Monday, September 15, 2008

WGS to UTM, UTM to WGS conversions, geo distance, azimuth and other geographical calculations in C#

"The reports of my death are greatly exaggerated"

Since my post about leaving consulting field, I got huge amount of email with questions about all community projects, I'm leading, blogging in general and specific to the future of this blog.
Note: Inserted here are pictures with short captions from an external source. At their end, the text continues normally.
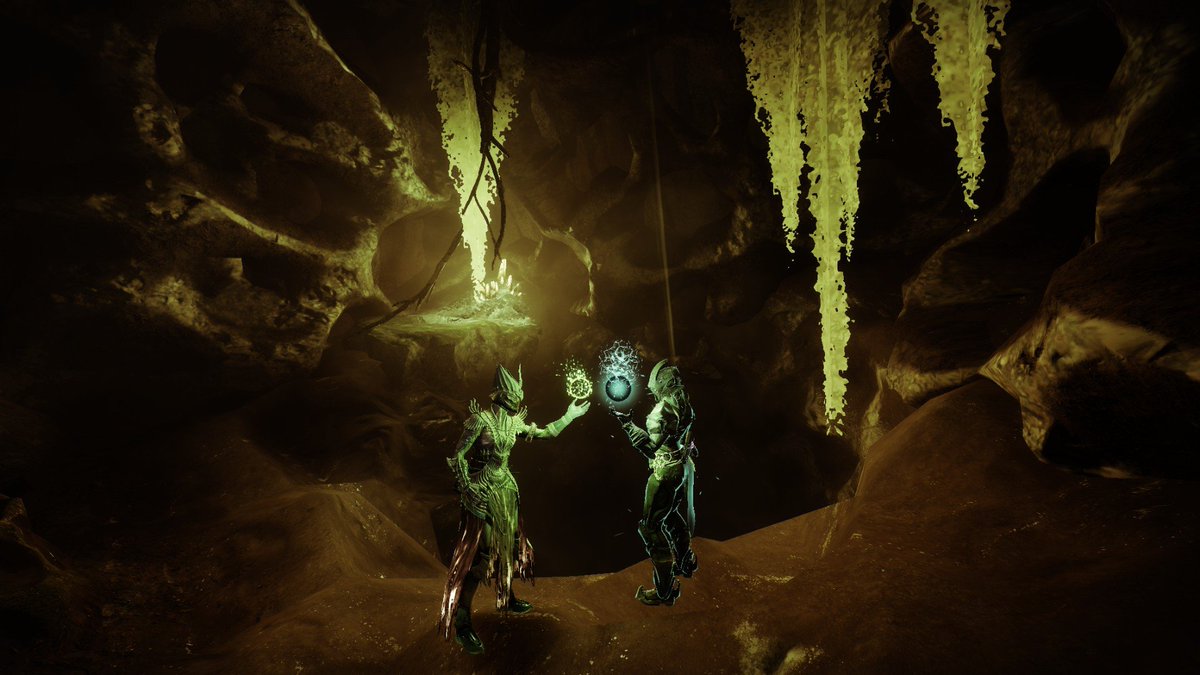 RxveaI's tweet photo. "Hive and seek"
(Armure en commentaire)

Bungie ID :

- RxveaI#0282
- Soltrina#8588
- Zeyno#7099

#D2HeresyFashion #Destiny2 #Destiny2fashion @DestinyTheGame @Destiny2Team @A_dmg04 @BrunoLouviers @Cozmo23 @MoltenSlowa @asalisbury https://t.co/BRdl2j738h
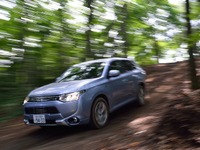 三菱 アウトランダーPHEV オフロード試乗…受け継がれる“パジェロDNA”［動画］ 画像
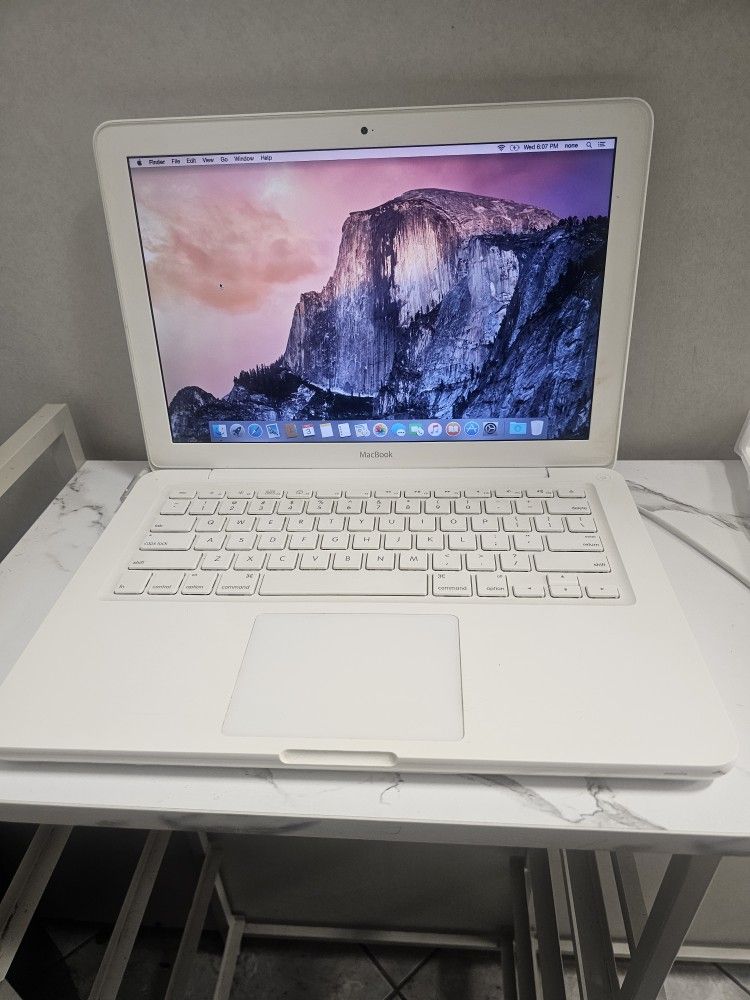 MACBOOK LAPTOP & CHARGER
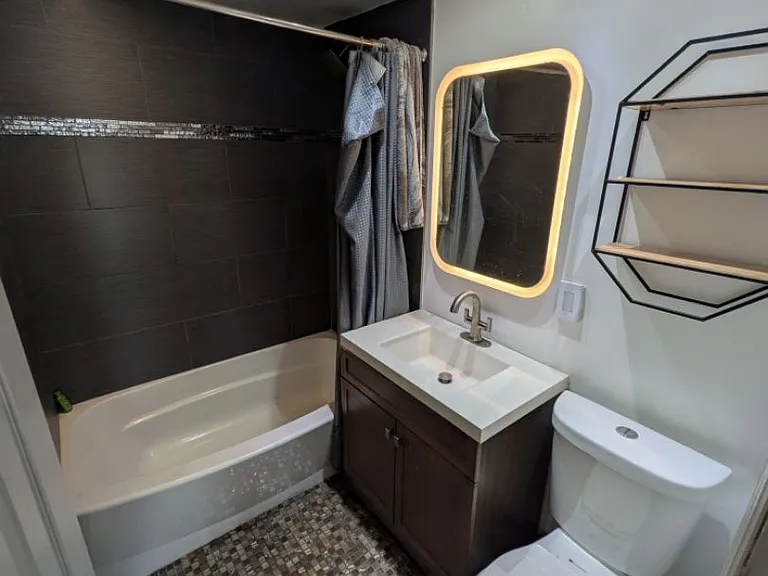 4201 Indian Creek Dr #3 — Photo 11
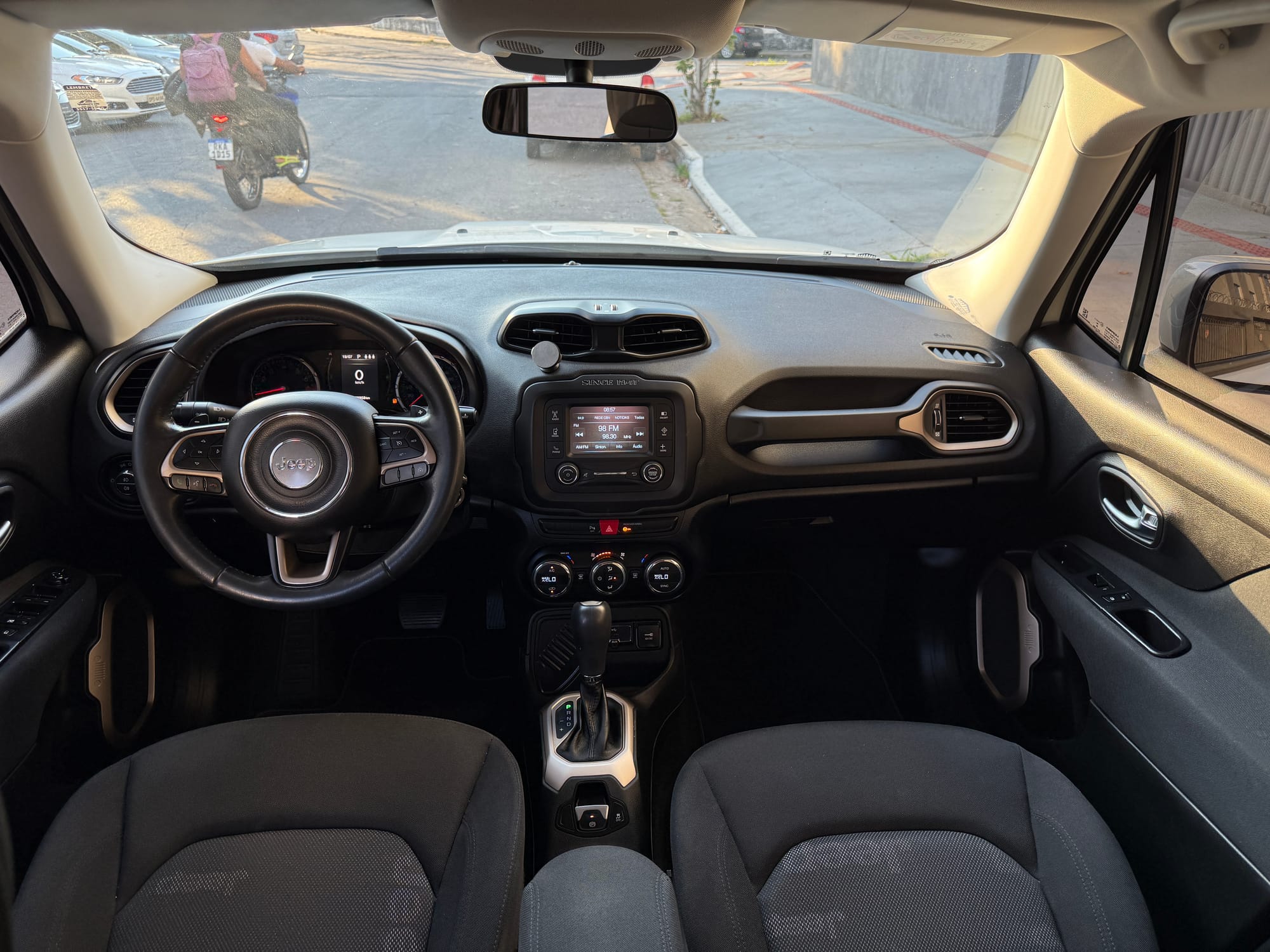 Jeep Renegade Longitude 1.8 Flex Automático - 2016/2016 - Única dona!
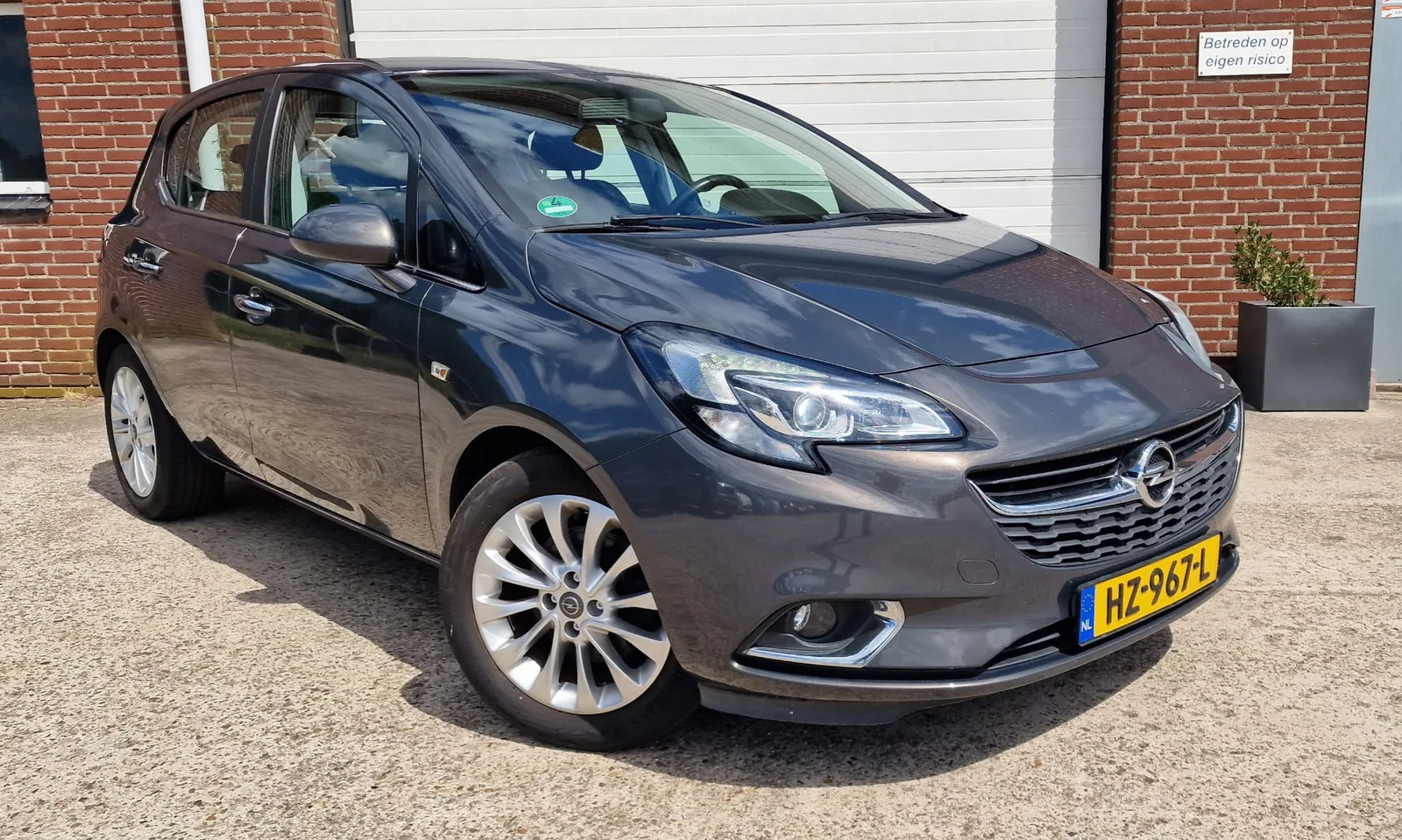 Opel Corsa (2015) — foto 1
To make things clear, I leaved consulting, and now, I have less time and reasons to blog, however, I'm keep blogging and maintaining almost all of my community projects (see the left side of the main page to list of most of those projects). Also, I try to answer all questions, I got via emails, however it's too much to handle, thus be prepared for delays.

To be sure, I'm alive, you can follow me at twitter (it demands less time to write) :) Anyway, that you for reading my blog and supporting me

Now it's good time to write something useful for you :)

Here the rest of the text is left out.